|worried for my mother ,your early attention will highly be appreciated
Jan 29, 2011
Hi there Dr Bob,
My mom who is 55 years old recently got diagonised with HIV+. She lives in India and doctors are not giving her any medications as of now. She has symptoms like on and off fever (even upto 40 degrees F), cough, loss of appetite, very bad mouth taste, weight loss (lost about 20lbs in 8 months)and feels very weak all the time.
This is how the reports looked. As of 19th Nov 2010-- HIV-1 Viral load by Cobas Taqman - 1830000 % CD3+/CD45+ (T-CELLS) 80.8 ABSOLUTE CD3+ LYMPHOCYTE COUNT 1285 %CD3+/CD4+ (T-HELPER CELLS) 12.3 ABSOLUTE CD4 LYMPHOCYTE COUNT 196 %CD3+/CD8+ (T-SUPPRESSOR CELLS) 66.0 ABSOLUTE CD8+ LYMPHOCYTE COUNT 1050 CD4/CD8 RATIO 0.19
As of 5th Jan 2011-- T Lymphs % of Lymphs (CD3+/CD45+) 81 T Lymphs (CD3+) Abs Cnt 2509 T Helper % of Lymphs (CD3+/CD4+/CD45+) 10 Lo T Helper Lymphs (CD3+/CD4+) Abs Cnt 325 Lo Lymphocyte (CD45+) Abs Cnt 3117
Can you please compare these two results and tell me if its showing some improvement in CD4 or not. I am really worried about her and not able to understand why doctors in India are not giving her the ART therapy. Looking at these reports what would be your suggestion? Can you please tell me if her CD4 level and viral load is very low/ moderate/ high. I am really concerned for her and want to get her into the right treatment. What can we do to get rid of her fever, it really makes her body ache. I have so many questions as I am really concerened for my mother.
Thank you kindly Ellonika
| Response from Dr. Frascino
Based on the results from November 19, 2010, your mom has qualified for an AIDS diagnosis, as her CD4% is 12.3% and absolute CD4 count is 196. She has significant immune deficiency and a high HIV plasma viral load (183,100).

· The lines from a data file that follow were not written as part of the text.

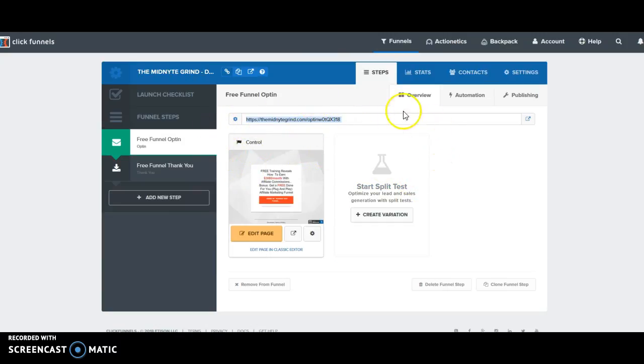Mine is themidnightgrind.com. Now ClickFunnels automatically gives you a free URL with every account, so you can register everything through ClickFunnels, which is actually what I did with the Midnight Grind.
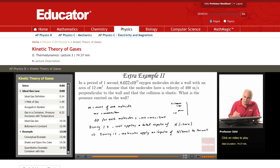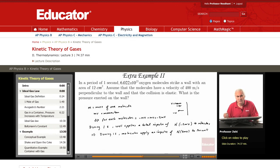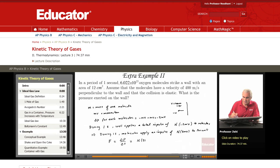The impulse applied by the molecules to the wall is equal but opposite to the impulse the wall applies to the molecules — in any collision, each object applies an equal but opposite impulse to the other. Therefore, the force acting on the wall equals the impulse divided by the time: the impulse N times 2MV applied over one second.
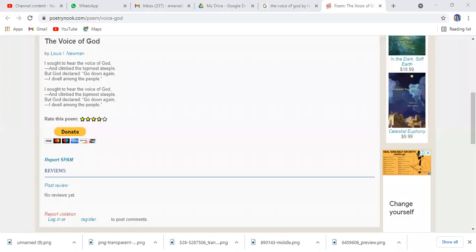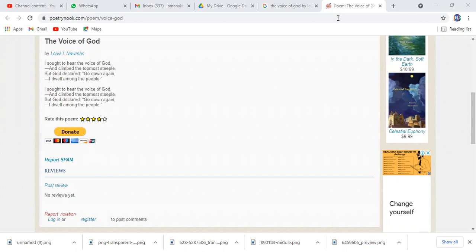Okay, so this is the poem by Lewis Unterman, 'The Voice of God.' It says: I sought to hear the voice of God and climbed the topmost steeple, but God declared go down again, I dwell among the people.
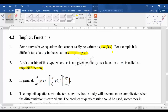When you can separate y on the left-hand side and x on the right-hand side, we generally call that an explicit function. So all this while we have been learning explicit functions. Now we are going to introduce implicit functions.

Antiretroviral therapy as well as prophylaxis against pneumocystis carinii pneumonia (PCP) would definitely be warranted.
The January 5, 2011 results continue to show profound depression of CD4% (10%), but an increase in absolute CD4 count to 325. Because the CD4% remains very low, the rise in absolute CD4 would not alter the need for antiretroviral therapy.

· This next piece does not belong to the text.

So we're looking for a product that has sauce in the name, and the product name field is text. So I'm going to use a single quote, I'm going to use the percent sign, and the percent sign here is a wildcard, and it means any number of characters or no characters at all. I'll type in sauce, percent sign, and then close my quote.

As for why the physicians in India have not begun ART, perhaps they are evaluating and treating an opportunistic infection first or are following now outdated guidelines that recommend ART only when the CD4 count is below 200-250. In my opinion ART is definitely warranted and should be started without further delay.

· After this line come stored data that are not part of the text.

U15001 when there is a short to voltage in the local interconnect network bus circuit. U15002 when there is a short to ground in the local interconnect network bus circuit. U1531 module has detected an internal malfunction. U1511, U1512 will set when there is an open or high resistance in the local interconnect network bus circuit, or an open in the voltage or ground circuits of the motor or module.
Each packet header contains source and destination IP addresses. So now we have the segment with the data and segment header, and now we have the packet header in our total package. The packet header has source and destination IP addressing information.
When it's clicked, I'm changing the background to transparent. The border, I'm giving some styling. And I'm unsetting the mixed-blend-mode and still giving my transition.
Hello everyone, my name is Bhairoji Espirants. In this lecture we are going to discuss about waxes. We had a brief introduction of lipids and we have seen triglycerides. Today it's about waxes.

Her fever may be due to an opportunistic infection or malignancy. A thorough workup in light of her significant immunodeficiency is warranted.
Your concerns are justified. Perhaps you could contact her physicians in India to find out additional information and ascertain their plan for further evaluation and treatment.